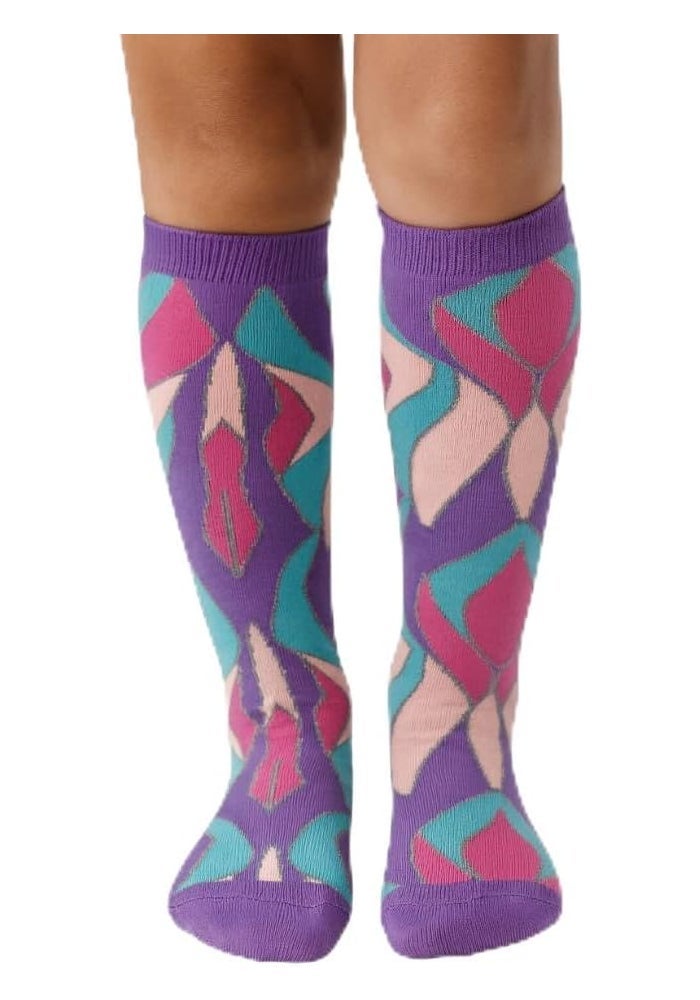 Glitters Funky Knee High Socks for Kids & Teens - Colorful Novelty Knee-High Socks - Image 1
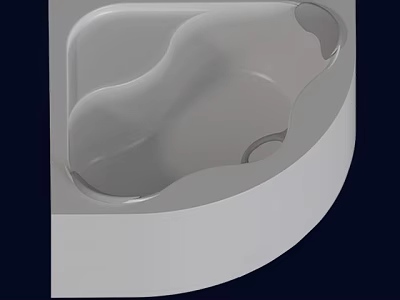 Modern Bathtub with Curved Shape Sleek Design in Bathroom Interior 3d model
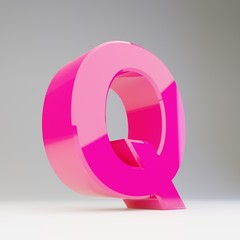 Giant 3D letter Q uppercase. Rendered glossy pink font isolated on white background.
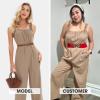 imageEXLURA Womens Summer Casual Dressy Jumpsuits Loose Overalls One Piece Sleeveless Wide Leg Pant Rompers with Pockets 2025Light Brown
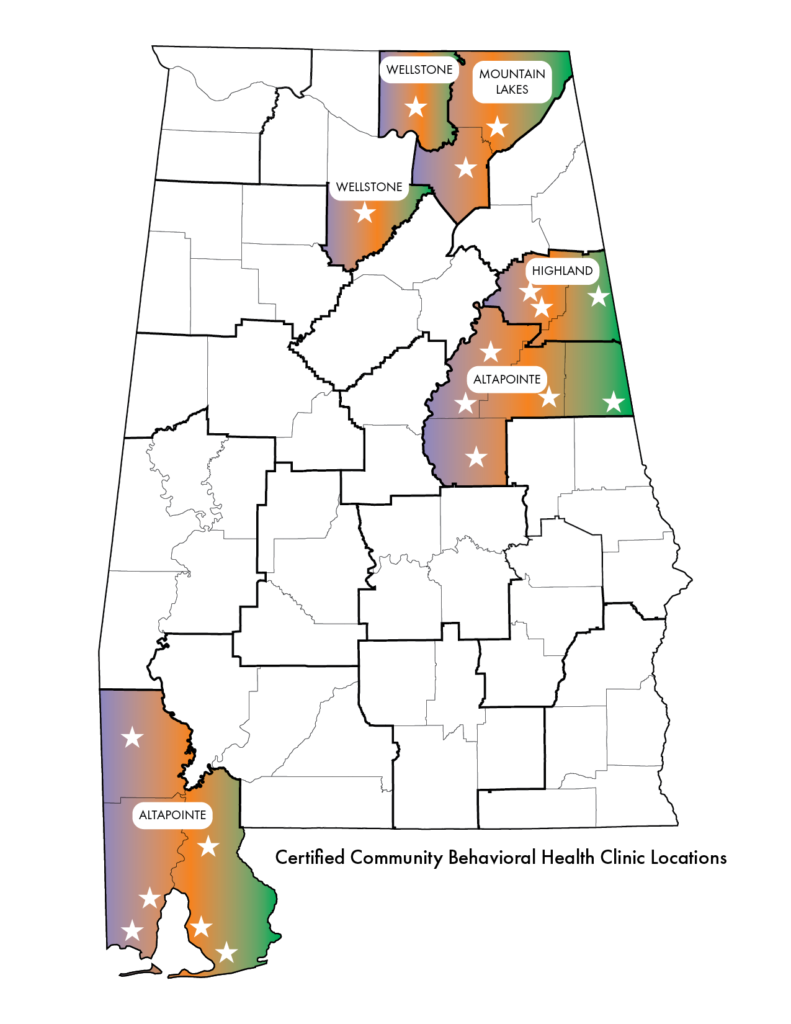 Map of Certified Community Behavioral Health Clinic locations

____

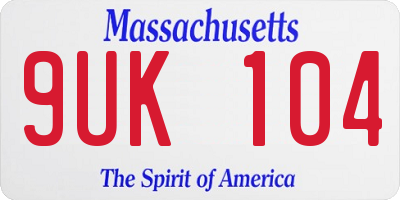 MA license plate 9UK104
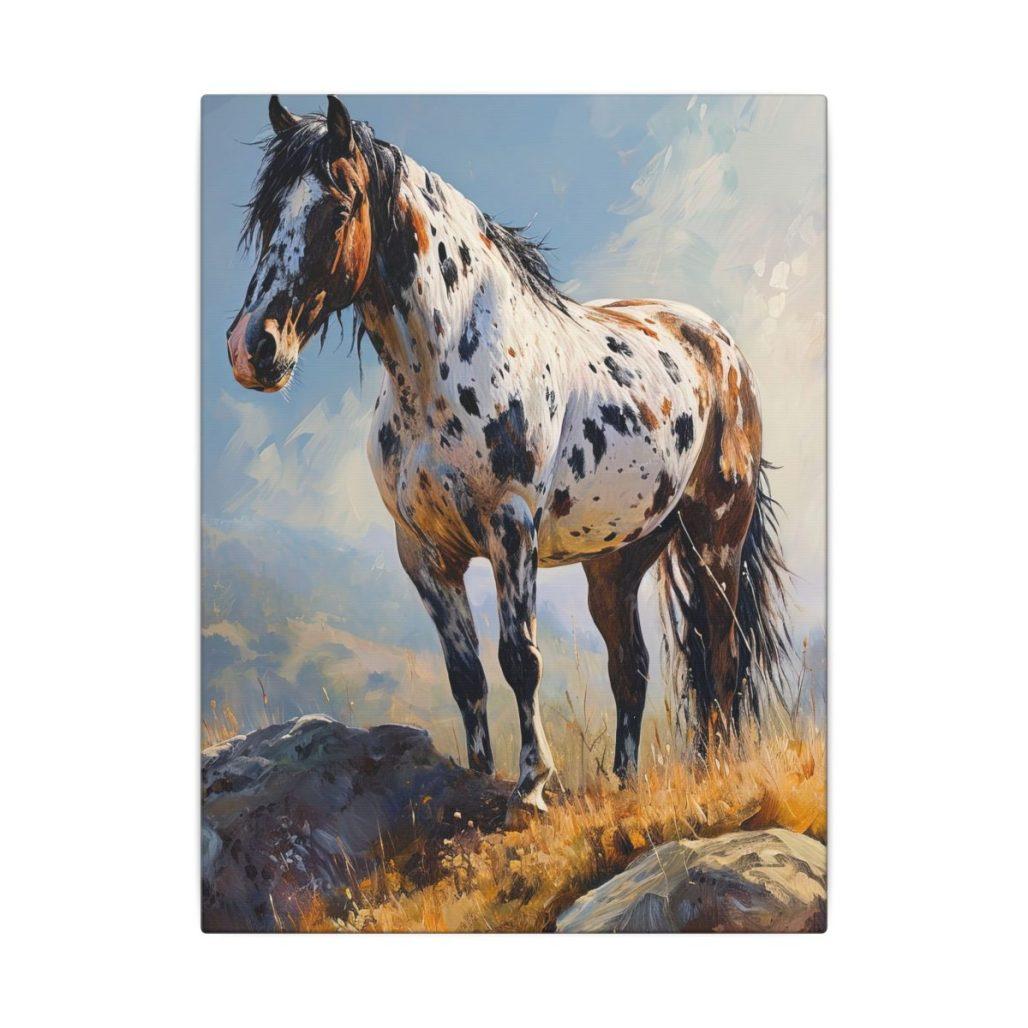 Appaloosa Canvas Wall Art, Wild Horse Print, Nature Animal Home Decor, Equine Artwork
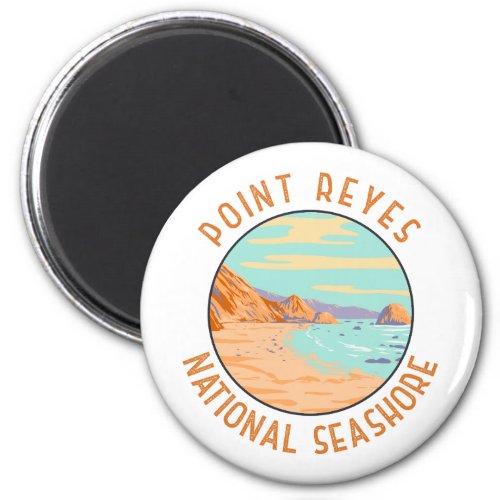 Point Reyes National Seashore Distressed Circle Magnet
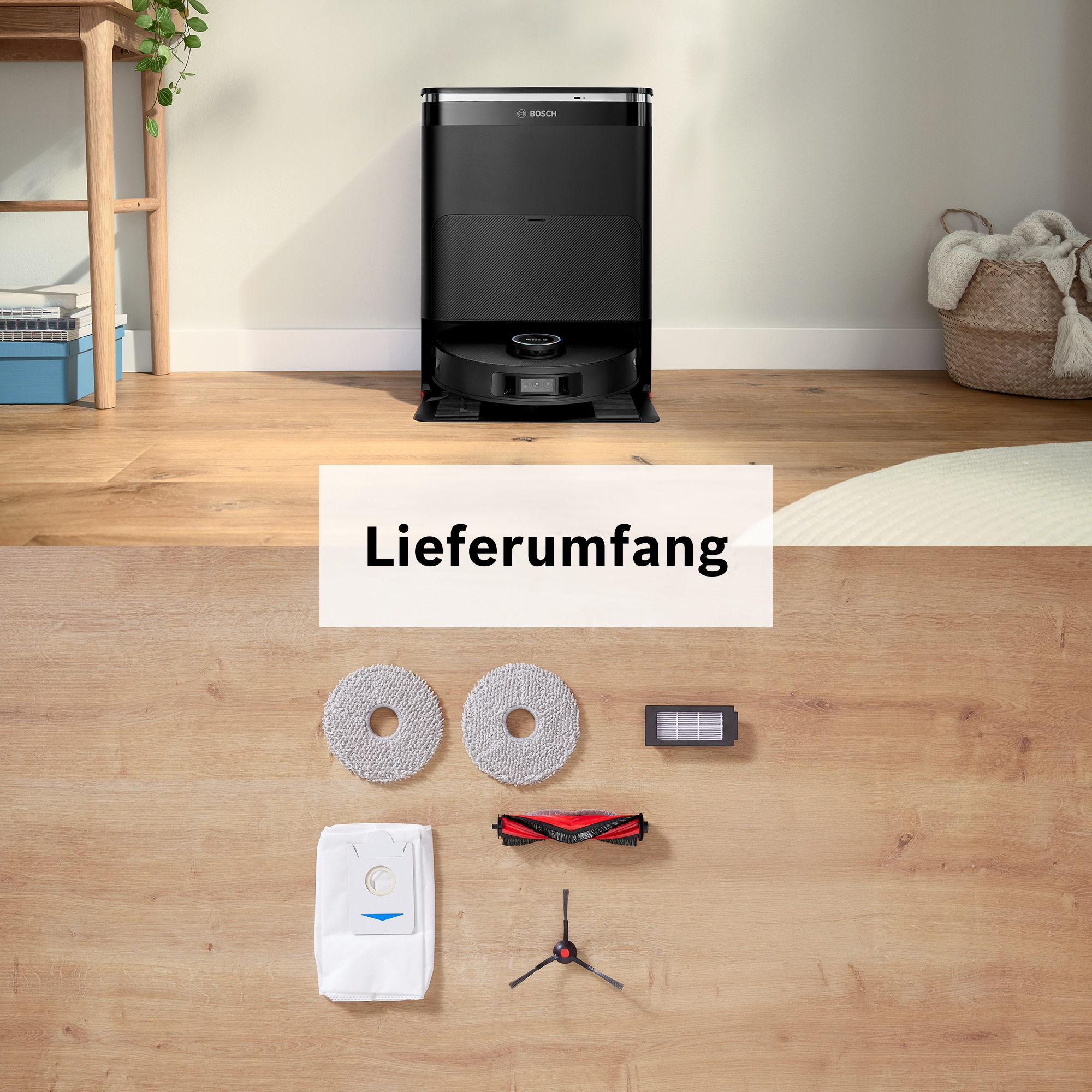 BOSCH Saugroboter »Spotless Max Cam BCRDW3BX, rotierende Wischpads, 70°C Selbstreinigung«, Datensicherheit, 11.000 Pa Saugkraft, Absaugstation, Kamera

____

Activity:
The answer is the lines above from the one with "Modern Bathtub with" to the one with "Map of Certified", set down exactly, with no pictures.

Answer to the problem:
 Modern Bathtub with Curved Shape Sleek Design in Bathroom Interior 3d model
 Giant 3D letter Q uppercase. Rendered glossy pink font isolated on white background.
 imageEXLURA Womens Summer Casual Dressy Jumpsuits Loose Overalls One Piece Sleeveless Wide Leg Pant Rompers with Pockets 2025Light Brown
 Map of Certified Community Behavioral Health Clinic locations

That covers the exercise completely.